Received on: 06 September 2023; Accepted on: 08 October 2023; Published on: 06 November 2023
ABSTRACT
Aim: The aim of the study was to evaluate the effectiveness of pretreatment with 5.25% sodium hypochlorite (NaOCl) and ozone gas from microleakage on pit and fissure sealants in primary molars.
Materials and methods: A total of 36 noncarious primary molars were decoronated at the cementoenamel junction. These crowns were divided into three groups—NaOCl (n = 12), ozone (n = 12), and control (n = 12). Pretreatment of pits and fissures was done with 5.25% NaOCl for 60 seconds, ozone gas at 100 ppm for 30 seconds, and no pretreatment in the control group. Then, etching, bonding, and sealant application were done. Later, these crowns were subjected to thermocycling. A dye penetration test was done to assess the extent of microleakage using a stereomicroscope. Statistical analysis was done using the Kruskal–Wallis test in G*Power software.
Results: The mean microleakage score in the NaOCl group was 2.58, ozone 2.67, and control was 2.75. Comparison between groups showed no significant difference (p = 0888).
Conclusion: Pretreatment with ozone gas at 100 ppm and 5.25% sodium showed no statistically significant reduction in microleakage compared to the control group.
Clinical significance: Pretreatment of enamel or dentine before sealant placement is hypothesized to remove the hybrid layer, which decreases microleakage and improves the intraoral longevity of sealants. Various mechanical and chemical methods have been used and showed certain promising outcomes. However, in the present study, a comparison of newer material ozone gas against conventional material NaOCl showed no demonstratable reduction in microleakage in primary molars.
How to cite this article: Gandhi M, Lakade L, Jagtap C, et al.
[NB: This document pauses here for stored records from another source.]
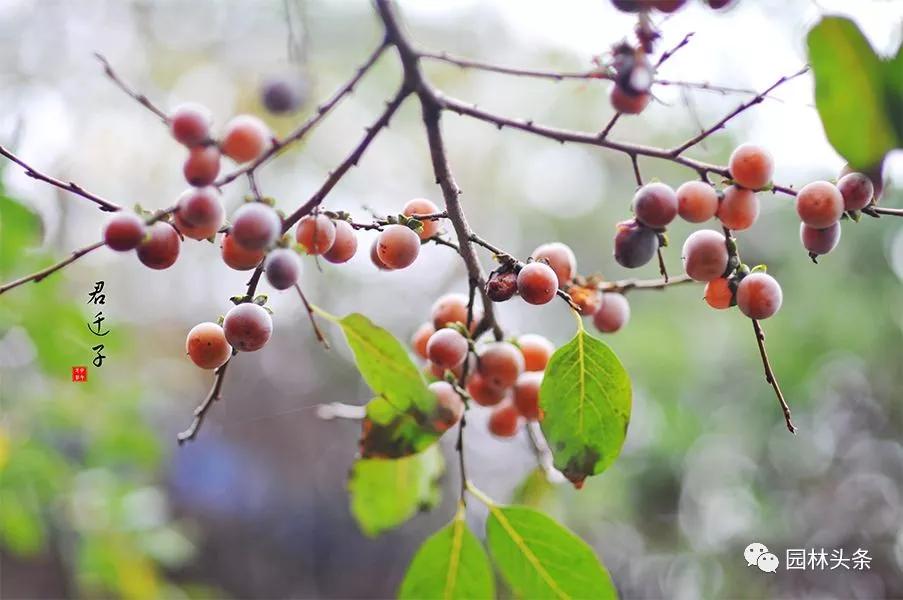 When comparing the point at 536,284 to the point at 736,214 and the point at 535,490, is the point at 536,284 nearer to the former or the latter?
the point at 736,214

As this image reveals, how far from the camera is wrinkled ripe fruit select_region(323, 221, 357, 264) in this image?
414mm

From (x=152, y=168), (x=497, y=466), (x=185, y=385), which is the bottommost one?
(x=497, y=466)

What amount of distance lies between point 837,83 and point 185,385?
1.83 metres

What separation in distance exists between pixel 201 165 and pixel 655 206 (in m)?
0.23

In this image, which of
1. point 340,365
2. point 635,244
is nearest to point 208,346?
point 635,244

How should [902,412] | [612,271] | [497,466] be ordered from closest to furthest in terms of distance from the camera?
[902,412], [497,466], [612,271]

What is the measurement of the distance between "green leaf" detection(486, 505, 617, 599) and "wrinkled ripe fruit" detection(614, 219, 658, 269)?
232 mm

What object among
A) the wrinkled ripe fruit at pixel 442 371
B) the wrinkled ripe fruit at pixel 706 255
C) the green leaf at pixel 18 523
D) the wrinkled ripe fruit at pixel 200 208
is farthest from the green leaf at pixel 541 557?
the green leaf at pixel 18 523

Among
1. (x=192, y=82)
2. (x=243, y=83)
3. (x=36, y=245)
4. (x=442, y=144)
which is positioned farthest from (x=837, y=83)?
(x=192, y=82)

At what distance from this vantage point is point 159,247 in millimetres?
355

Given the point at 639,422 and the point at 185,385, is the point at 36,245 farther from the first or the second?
the point at 639,422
Evaluation of the Effect of Pretreatment with Ozone and Sodium Hypochlorite on Pit and Fissure Sealant in Primary Molars. World J Dent 2023;14(10):907–912.
Source of support: Nil
Conflict of interest: None
Keywords: Microleakage, Ozone, Pretreatment, Pit and fissure sealant, Primary molars, Sodium hypochlorite
INTRODUCTION
Dental caries is the most chronic disease of the oral cavity. The prevalence of primary teeth caries worldwide is 46.2%, while the prevalence of dental caries in permanent teeth in children around the world is 53.8%.1 Pandey et al. stated that the overall prevalence of dental caries in India is 54.16%.2 According to a meta-analysis of cross-sectional studies using the World Health Organization criteria, the prevalence of early childhood caries is 48%.3 Devan et al.’s comprehensive review and meta-analysis stated the prevalence of early childhood caries in India is 46.9%.4
Despite medical and therapeutic breakthroughs, early childhood caries remains one of the most important challenges for pediatric dentists. This is because the teeth lose their safety net during emergence into the oral cavity, rendering them more vulnerable to the assault of cariogenic food and microorganisms. As a result, it is vital to adopt all preventive treatments available to arrest the progression of childhood dental caries.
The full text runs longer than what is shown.